U.N. agencies and human rights groups have accused multiple Syrian factions — including secularist rebels and pro-government militias — of recruiting children for military roles ranging from scouting to actual combat.
Researchers from Human Rights Watch interviewed boys as young as 14 who were used to transport weapons or serve as lookouts. Even younger children were put to work loading bullets into magazines for assault rifles, said Sarah Margon, acting director of the group’s Washington office.
“It’s something that children often do because their fingers are smaller,” Margon said. But such practical considerations aside, “for those looking to indoctrinate, it is a ripe setting for indoctrination,” she added.
The Obama administration last year imposed restrictions on some of its nonmilitary aid to Syria in part because of concerns about the use of child soldiers. Invoking a 2008 law forbidding assistance to countries that use child soldiers, the administration approved restrictions on certain types of nonmilitary aid to Syria as well as the Central African Republic, Burma, Sudan and six other countries, according to State Department documents.
The appearance of training camps for young boys suggests a more systematic effort to incorporate the youngest Syrians into the conflict, as ideological supporters and as combatants in a religious war against a regime led by the country’s minority Alawites, members of an offshoot of the Shiite branch of Islam, according to experts who study jihadist groups.
Radical groups often post images on social media that highlight the role played by children, and some attempt to tailor their messages to appeal to the very young, said Aaron Zelin, an expert on jihadist groups at the Washington Institute for Near East Policy.
“They understand that they are the future and, therefore, need to be exposed and indoctrinated to the ’cause,’ ” Zelin said. It explains why some groups operate age-based training camps that start with “cubs” and progress to “lion scouts” for older teens and adults, he said.
The ISIS youth group was named in honor of Abu Musab al-Zarqawi, the Jordanian who founded al-Qaida in Iraq, a group notorious for its spectacular suicide bombings targeting Shiite mosques and bazaars in Iraq’s Shiite neighborhoods, as well as its videotaped beheadings of Western hostages. Al-Zarqawi, killed in a U.S. airstrike in 2006, remains an inspirational figure for Islamist extremists worldwide, as well as the ideological father of ISIS and other al-Qaida-allied rebel groups in Syria, including Jabhat al-Nusra.

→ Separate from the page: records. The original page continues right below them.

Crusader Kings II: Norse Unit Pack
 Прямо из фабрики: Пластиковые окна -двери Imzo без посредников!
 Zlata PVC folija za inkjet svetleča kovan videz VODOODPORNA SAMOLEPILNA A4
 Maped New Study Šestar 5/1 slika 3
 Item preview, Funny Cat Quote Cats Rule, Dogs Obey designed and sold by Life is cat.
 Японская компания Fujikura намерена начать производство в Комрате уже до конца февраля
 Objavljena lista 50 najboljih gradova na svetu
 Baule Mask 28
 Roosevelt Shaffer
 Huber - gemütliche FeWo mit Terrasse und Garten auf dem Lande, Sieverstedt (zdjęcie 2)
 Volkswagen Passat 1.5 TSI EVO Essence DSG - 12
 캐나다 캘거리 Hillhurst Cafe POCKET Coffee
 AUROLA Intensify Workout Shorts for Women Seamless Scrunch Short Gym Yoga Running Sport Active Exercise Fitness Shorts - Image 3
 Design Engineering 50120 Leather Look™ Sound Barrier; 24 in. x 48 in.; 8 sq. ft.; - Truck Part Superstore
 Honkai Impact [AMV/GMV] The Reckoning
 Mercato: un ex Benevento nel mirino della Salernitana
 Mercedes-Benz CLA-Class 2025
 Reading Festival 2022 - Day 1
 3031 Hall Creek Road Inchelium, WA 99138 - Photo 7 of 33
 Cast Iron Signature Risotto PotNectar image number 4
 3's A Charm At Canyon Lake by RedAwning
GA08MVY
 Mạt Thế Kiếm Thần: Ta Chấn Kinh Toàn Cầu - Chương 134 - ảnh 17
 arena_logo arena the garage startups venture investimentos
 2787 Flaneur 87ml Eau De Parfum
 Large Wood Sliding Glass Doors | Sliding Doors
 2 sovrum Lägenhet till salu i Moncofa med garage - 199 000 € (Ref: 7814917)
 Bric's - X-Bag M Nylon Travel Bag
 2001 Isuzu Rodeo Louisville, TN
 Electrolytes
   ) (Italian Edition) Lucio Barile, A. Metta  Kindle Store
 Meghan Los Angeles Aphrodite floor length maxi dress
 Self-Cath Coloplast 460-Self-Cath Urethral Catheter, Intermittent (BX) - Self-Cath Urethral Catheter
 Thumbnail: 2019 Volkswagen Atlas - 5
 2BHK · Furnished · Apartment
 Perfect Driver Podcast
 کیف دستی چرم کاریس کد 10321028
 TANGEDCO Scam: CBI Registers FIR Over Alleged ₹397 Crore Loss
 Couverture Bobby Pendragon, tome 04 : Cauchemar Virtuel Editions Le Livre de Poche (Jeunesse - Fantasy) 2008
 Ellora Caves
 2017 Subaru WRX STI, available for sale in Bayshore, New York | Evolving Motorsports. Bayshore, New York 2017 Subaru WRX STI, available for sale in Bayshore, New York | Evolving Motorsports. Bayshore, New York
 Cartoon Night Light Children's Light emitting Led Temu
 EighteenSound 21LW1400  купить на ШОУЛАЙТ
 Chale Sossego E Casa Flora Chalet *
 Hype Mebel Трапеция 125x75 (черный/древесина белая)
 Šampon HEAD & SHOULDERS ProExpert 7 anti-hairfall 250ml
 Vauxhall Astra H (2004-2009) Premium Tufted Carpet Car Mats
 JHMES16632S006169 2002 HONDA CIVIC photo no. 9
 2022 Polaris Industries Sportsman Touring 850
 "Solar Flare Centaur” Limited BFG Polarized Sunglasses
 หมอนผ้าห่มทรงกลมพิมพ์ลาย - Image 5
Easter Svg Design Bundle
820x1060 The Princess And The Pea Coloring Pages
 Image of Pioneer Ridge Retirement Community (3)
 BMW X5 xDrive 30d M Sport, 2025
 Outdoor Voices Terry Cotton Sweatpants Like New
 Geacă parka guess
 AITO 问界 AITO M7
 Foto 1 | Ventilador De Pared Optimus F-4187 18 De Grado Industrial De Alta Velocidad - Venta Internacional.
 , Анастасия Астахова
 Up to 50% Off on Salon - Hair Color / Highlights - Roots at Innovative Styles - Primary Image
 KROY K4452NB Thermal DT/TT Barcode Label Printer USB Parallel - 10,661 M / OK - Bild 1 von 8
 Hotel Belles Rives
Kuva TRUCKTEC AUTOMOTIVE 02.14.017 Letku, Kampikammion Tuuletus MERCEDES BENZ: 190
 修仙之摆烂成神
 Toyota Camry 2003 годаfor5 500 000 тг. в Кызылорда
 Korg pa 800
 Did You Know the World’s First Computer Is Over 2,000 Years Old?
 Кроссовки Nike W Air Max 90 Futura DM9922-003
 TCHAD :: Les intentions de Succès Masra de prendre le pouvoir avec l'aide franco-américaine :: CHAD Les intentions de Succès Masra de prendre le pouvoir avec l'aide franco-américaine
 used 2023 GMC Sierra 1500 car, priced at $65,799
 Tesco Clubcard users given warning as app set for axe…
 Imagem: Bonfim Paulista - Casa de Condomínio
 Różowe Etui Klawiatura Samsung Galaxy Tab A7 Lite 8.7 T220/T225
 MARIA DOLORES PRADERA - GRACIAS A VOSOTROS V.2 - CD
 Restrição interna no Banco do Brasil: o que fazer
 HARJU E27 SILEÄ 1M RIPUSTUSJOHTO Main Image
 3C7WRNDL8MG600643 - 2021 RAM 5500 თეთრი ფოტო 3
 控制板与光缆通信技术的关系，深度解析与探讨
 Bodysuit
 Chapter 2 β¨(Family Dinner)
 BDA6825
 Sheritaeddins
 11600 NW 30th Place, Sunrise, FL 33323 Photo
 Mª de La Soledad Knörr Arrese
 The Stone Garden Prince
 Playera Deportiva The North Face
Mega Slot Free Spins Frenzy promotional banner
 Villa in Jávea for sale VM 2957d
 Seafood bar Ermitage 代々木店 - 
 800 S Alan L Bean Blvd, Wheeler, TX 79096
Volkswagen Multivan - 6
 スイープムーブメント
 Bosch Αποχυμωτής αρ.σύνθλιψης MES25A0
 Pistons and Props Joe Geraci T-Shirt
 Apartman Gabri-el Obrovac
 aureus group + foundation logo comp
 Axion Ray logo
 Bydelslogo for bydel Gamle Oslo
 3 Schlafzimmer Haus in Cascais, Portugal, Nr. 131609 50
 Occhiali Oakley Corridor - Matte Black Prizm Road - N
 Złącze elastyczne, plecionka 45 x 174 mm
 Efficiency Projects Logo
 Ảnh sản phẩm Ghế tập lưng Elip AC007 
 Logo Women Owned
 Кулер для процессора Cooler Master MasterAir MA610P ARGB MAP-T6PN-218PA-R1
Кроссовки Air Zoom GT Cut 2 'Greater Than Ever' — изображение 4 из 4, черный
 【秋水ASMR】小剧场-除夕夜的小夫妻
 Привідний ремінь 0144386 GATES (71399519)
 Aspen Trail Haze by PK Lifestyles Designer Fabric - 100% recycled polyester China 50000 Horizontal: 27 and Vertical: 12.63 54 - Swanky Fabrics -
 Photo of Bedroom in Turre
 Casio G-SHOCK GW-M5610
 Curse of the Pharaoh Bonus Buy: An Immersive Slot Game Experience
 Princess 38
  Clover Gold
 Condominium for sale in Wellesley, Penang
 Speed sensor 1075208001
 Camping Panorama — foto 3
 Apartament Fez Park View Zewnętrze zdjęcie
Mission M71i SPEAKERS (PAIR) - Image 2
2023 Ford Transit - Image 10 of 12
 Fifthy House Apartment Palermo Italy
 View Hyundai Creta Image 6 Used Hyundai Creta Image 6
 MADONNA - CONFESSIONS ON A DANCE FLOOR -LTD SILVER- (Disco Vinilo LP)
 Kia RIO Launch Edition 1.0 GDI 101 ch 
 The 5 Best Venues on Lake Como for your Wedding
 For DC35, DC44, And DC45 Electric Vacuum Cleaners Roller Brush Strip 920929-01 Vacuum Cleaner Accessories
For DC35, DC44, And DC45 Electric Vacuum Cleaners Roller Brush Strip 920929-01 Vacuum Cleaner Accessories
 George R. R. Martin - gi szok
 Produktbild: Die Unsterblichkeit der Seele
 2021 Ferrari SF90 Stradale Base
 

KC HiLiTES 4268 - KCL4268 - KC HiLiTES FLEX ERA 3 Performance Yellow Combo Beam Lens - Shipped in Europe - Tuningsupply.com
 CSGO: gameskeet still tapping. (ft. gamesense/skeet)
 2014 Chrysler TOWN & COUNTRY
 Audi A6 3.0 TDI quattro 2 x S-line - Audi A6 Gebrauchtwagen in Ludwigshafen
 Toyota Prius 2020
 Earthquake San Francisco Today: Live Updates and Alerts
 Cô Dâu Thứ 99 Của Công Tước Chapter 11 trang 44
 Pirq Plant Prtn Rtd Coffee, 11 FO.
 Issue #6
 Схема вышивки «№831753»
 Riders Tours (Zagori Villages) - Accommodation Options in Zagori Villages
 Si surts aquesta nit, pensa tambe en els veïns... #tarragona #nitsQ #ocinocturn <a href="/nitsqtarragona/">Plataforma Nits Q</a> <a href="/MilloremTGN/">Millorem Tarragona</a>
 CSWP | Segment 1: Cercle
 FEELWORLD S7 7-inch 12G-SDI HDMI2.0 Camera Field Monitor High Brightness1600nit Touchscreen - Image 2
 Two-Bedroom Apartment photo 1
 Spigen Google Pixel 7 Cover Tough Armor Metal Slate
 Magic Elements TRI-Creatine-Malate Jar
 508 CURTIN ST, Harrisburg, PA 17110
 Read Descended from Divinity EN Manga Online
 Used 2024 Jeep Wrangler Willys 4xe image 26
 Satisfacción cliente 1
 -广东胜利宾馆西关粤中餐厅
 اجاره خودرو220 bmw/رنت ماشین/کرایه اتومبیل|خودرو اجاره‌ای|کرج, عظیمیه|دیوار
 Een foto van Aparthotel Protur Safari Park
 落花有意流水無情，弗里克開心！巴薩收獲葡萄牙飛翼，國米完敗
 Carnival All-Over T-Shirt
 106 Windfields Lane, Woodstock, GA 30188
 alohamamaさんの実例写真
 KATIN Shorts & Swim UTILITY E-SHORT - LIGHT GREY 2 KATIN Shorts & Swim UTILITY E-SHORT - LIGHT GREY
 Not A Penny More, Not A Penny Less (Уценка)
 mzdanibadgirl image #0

The video depicting the Zarqawi’s Cubs camp describes the location of the facility as near Ghouta, the same eastern suburb of Damascus that was struck in a chemical arms attack in August that killed more than 1,000 civilians. Much of the region has been held by rebels for months, despite intense fighting in some villages.
The boys are shown being led by masked instructors through small-arms exercises and sitting in groups under the ISIS banner, some of them weighed down by bandoleers of machine-gun ammunition. Other images show the boys undergoing instruction or, in one instance, talking happily over a lunch of flatbread. Beverages are distributed in colorful cups adorned with the cartoon “happy face.”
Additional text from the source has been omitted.